Commanderie de Peyrassol, Flassans-sur-Issoles (Var)
Jusqu'au 1 novembre 2022
Il fallait la grâce d'un paysage pour réconcilier l'humanité avec l'innocence des âmes et des corps dans un jardin d’Éden. Dans ses modulations de vignobles et de forêts, la Commanderie Peyrassol est cet écrin pour un paradis qui se crée en correspondance avec l’œuvre de Michelangelo Pistoletto. Artiste de l'Arte Povera en Italie et lauréat du Lion d'Or de Venise en 2003, Pistoletto, dans une voix posée et un français impeccable, ne cesse de prôner une autre société dans laquelle nous serions «unis dans notre diversité». Selon ses mots, l’œuvre d'art possède cette fonction génératrice à partir d'un paradis naturel, d'un paradis artificiel et d'un troisième paradis fondé sur leur convergence dans un nouveau stade de civilisation.

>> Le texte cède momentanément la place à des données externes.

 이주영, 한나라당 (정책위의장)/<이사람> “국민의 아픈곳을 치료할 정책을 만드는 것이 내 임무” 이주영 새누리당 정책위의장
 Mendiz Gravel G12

L'art est cet intermédiaire entre le naturel et l'artificiel et le conflit se résout par la simplicité des matériaux issus du quotidien. Ici le présent, par homonymie, prend la force d'une offrande. Le miroir absorbe ce qui se présente à lui, il est tout à la fois reflet et réflexion, une brèche dans le mur, une porte ouverte dans un au-delà. Et le miroir ne ment pas. Au sens fort, les tableaux miroirs de Pistoletto sont des surfaces réfléchissantes. Dans cette série principalement réalisée pendant le confinement, l'artiste dispose un report photographique sérigraphié de corps nus à taille humaine sur le miroir. La beauté des corps parle aussi de la bonté. Adam et Eve dans leur nudité, de tous âges et de toutes couleurs, traversent le temps comme nous traversons avec eux le miroir pour fusionner dans ce nouveau paradis. Le spectateur pénètre physiquement dans l’œuvre qu'il contemple et en fait partie intégrante de façon éphémère.

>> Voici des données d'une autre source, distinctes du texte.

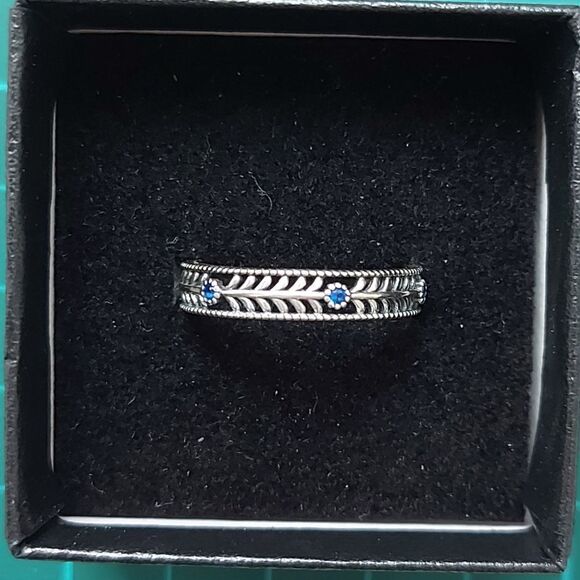 925 Sterling Silver Caesar Ring - Picture 4 of 11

Face à notre monde dominé par l'individualisme, Pistoletto nous renvoie ainsi à des enjeux collectifs et au dépouillement nécessaire pour créer cette société nouvelle. «La mise à nu de la société» confronte la nature des corps débarrassés de leurs artifices à la pesanteur du corps social et à la solitude des individus.

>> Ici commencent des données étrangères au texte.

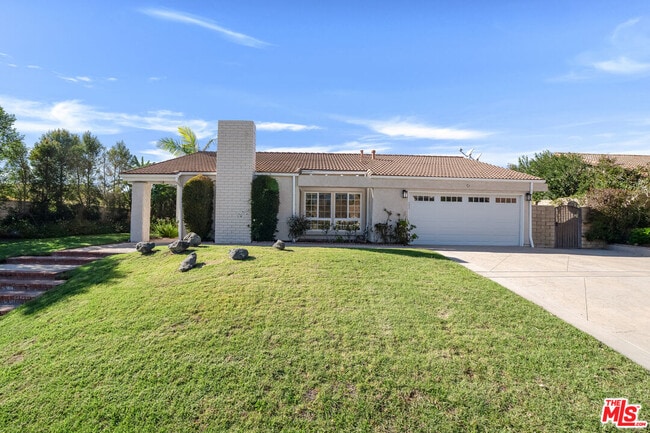 Building Photo - 10945 Cozycroft Ave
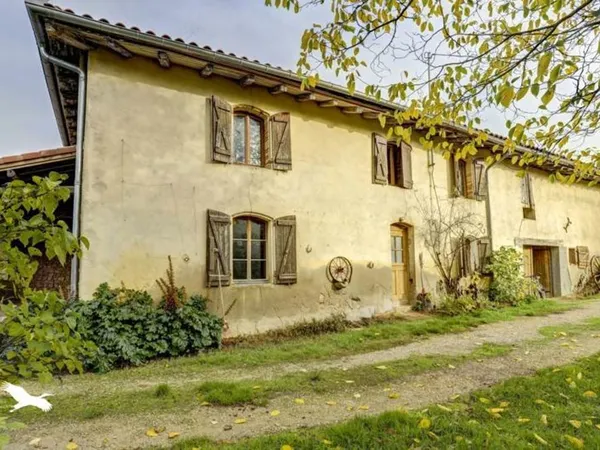 Ferme (tte) de 5 pièces principales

La notion de partage est au cœur de l'ambition artistique de la Commanderie Peyrassol. L'exposition de Pistoletto est réalisée sous le commissariat de Laurenzo Fiaschi, cofondateur de la Galleria Continua. Parallèlement, et dans le même esprit, une autre exposition se tient «pour briser les frontières», selon les mots du maître des lieux, Philippe Austruy, dont une partie des pièces contemporaines est mise en dialogue avec des œuvres flamandes du XVe au XVIIe siècle en collaboration avec la Gallerie De Jonckeere. Dans ce «Face au temps, Regards croisés sur les collections Philippe Austruy», un paysage d'hiver de Brueghel le Jeune répond à trois toiles d'Etel Adnan - Printemps, Été, Automne. Ailleurs les notions de transparence, de geste, de résistance ou de tension formelle se déploient par de surprenants contrastes comme dans une sculpture d'Anthony Caro qui se heurte à un «Jugement dernier» de Hiéronymus Francken. Présent et passé s'interrogent mutuellement et l'art est bien ici un fascinant jeu de miroirs.